I’ve learned that I’m really not a straight or a plus sized model. My size does not define me and my management recognizes that and represents me as the individual I am. That hasn’t happened to me before and it has been the best experience of my career so far. The modeling world can categorize me and I am fine with that but I represent a size in between the two worlds and there is a huge gap in that market. Why do we have to be a size two or a size 12? There are a lot of sizes in between that need representation. I think it’s important for models to know that there is a choice out there.
Some people accuse the modeling industry of body fascism, others see thinness as part of the territory. On what side of the conversation do you stand and why?
I think all body types are part of the territory. A whole other world has been opened up to me in the fashion industry. My curves were embraced and no one has tried to pin me as stick thin which I will never be.
Eating disorders are endemic in the modeling industry while the majority of Americans struggle with obesity. How do you define wellness and health?
I define wellness and health by my own standard.
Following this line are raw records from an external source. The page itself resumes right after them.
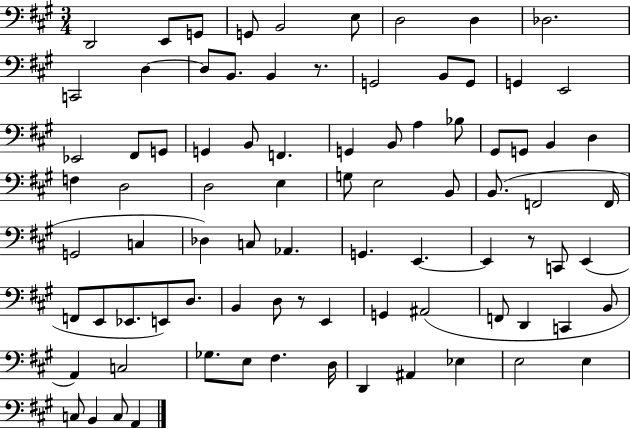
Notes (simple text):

D2/h E2/e G2/e G2/e B2/h E3/e D3/h D3/q Db3/h. C2/h D3/q D3/e B2/e. B2/q R/e. G2/h B2/e G2/e G2/q E2/h Eb2/h F#2/e G2/e G2/q B2/e F2/q. G2/q B2/e A3/q Bb3/e G#2/e G2/e B2/q D3/q F3/q D3/h D3/h E3/q G3/e E3/h B2/e B2/e. F2/h F2/s G2/h C3/q Db3/q C3/e Ab2/q. G2/q. E2/q. E2/q R/e C2/e E2/q F2/e E2/e Eb2/e. E2/e D3/e. B2/q D3/e R/e E2/q G2/q A#2/h F2/e D2/q C2/q B2/e A2/q C3/h Gb3/e. E3/e F#3/q. D3/s D2/q A#2/q Eb3/q E3/h E3/q C3/e B2/q C3/e A2/q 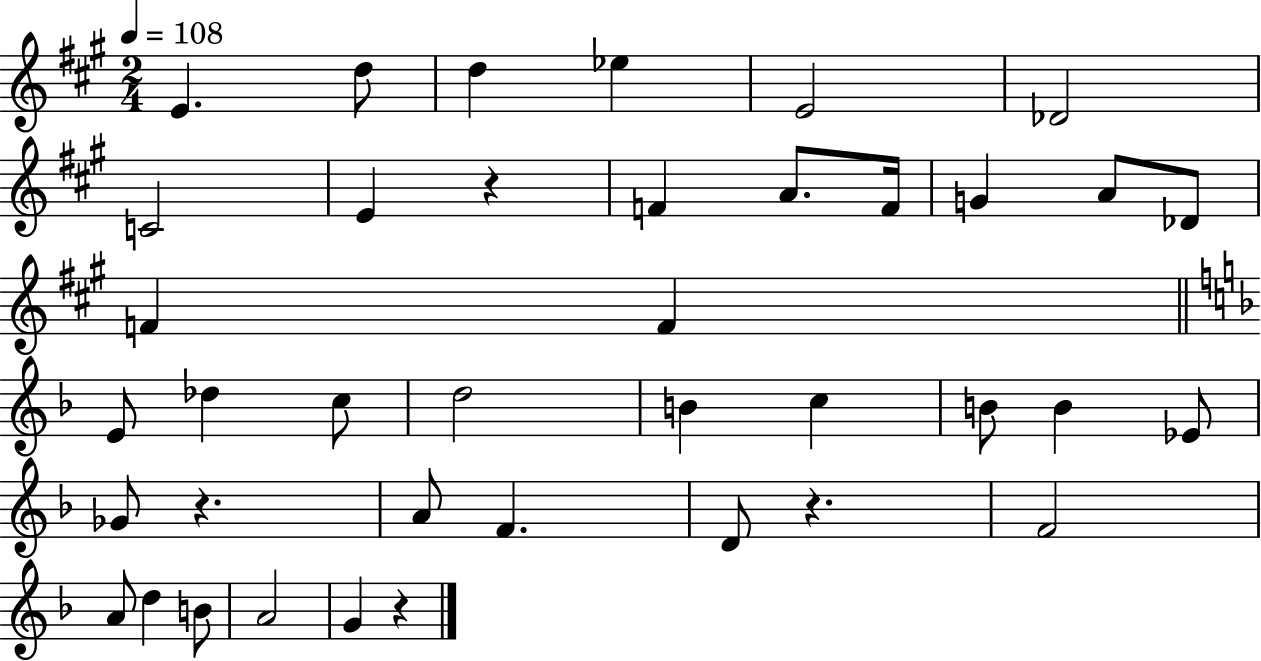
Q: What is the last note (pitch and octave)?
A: G4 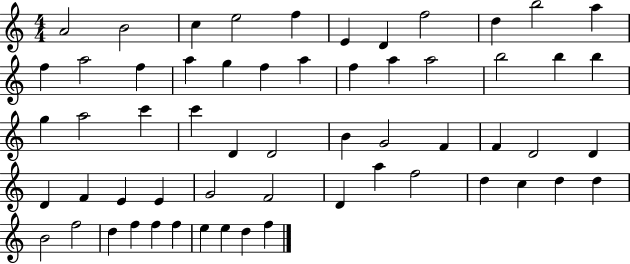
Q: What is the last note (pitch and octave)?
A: F5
Every body type is different and there isn’t one approach to fitness. It takes work but I have found a balance where my body should be naturally and I believe that is where a woman looks her best. It’s different for everyone. Some girls look great as a size four, like Sara Ziff, because that is where they are naturally. Some girls are a size 14 and look amazing like model Ashley Graham. I don’t feel I have to compromise myself any longer and I am being embraced by the fashion industry. That is a great feeling.
When I left for Los Angeles and went back to UCLA I found a whole new happiness and stability that I never felt before. I realized I wasn’t defined by my looks and the modeling business.
What do you think about the unobtainable images perpetuated by the media?
I think women want less illusion in their fashion images. There’s an emerging ‘let’s get real’ mentality that makes women less competitive and more supportive of each other.
How is your experience now as a model different than the beginning of your career?
I wish the Model Alliance was around when I started in the business. I wasn’t able to properly talk about my struggles and therefore they got worse. It can be very alienating. The Model Alliance brings girls together and gives them a voice. It advocates for models so they are not compromised and we asks for standard rights in the work place just like everyone else has. It is even more important when you are dealing with minors. We are also working to provide health insurance and I believe that is a great place to start.